Problem to work on |
The stretch from the line with "Man In Suit At Desk With NBA Screen GIF" through the line with "The North Face" in the records below: write it out exactly, and nothing else.

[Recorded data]
§ §

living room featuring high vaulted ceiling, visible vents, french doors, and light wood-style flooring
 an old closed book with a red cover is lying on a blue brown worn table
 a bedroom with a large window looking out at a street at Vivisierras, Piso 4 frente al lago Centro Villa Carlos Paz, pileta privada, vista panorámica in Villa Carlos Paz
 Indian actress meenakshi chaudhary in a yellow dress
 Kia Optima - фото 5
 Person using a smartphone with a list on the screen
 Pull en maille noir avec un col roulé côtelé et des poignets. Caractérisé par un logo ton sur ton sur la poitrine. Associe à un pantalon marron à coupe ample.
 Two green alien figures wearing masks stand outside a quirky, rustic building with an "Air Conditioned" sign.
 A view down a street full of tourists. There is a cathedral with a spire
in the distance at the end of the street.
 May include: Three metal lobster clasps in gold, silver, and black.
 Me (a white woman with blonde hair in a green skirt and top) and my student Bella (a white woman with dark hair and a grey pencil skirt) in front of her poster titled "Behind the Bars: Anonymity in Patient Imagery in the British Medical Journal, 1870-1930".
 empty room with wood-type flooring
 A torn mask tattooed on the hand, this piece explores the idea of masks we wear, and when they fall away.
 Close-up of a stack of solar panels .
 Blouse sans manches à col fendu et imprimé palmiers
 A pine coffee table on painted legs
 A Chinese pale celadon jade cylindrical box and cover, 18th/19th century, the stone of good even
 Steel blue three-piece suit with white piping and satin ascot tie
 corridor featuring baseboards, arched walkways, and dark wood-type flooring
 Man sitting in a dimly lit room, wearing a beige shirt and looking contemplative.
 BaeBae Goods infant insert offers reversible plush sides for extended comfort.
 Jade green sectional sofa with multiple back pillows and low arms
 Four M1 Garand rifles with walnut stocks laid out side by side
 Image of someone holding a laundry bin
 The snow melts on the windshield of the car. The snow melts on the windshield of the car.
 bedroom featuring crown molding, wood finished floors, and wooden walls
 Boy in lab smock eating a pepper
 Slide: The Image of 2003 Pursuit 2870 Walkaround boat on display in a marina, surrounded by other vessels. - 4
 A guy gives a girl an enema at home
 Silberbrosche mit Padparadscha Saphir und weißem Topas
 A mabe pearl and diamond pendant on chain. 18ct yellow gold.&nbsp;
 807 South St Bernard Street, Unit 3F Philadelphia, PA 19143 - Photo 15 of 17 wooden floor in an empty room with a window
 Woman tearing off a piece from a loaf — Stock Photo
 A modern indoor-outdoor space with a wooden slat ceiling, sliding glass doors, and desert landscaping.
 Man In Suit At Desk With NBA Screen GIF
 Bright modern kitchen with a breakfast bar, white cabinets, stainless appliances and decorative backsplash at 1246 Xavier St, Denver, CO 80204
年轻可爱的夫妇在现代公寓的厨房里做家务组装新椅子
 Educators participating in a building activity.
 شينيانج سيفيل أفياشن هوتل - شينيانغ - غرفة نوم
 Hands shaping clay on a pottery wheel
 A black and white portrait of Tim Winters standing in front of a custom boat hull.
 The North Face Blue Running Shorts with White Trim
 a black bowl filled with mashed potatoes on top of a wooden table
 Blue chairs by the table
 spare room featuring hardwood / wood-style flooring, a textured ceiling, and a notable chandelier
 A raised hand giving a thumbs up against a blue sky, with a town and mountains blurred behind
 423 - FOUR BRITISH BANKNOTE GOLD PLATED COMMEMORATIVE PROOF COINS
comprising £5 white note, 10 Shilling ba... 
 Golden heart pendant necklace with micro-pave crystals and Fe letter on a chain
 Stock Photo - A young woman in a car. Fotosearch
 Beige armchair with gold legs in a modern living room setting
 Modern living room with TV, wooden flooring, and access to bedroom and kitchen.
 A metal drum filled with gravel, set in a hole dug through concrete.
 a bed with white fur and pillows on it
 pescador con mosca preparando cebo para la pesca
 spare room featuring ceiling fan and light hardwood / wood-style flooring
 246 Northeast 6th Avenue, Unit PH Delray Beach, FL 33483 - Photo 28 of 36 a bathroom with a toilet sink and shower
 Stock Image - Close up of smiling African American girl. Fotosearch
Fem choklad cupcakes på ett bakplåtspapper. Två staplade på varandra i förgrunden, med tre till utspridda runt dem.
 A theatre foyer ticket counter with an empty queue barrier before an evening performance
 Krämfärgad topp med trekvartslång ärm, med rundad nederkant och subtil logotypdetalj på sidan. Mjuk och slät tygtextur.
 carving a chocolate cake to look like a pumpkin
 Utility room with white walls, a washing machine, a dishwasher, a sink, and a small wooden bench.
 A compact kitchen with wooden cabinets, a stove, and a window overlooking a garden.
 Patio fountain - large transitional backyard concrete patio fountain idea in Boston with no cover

§ §

Your solution |
 Man In Suit At Desk With NBA Screen GIF
 Bright modern kitchen with a breakfast bar, white cabinets, stainless appliances and decorative backsplash at 1246 Xavier St, Denver, CO 80204
年轻可爱的夫妇在现代公寓的厨房里做家务组装新椅子
 Educators participating in a building activity.
 شينيانج سيفيل أفياشن هوتل - شينيانغ - غرفة نوم
 Hands shaping clay on a pottery wheel
 A black and white portrait of Tim Winters standing in front of a custom boat hull.
 The North Face Blue Running Shorts with White Trim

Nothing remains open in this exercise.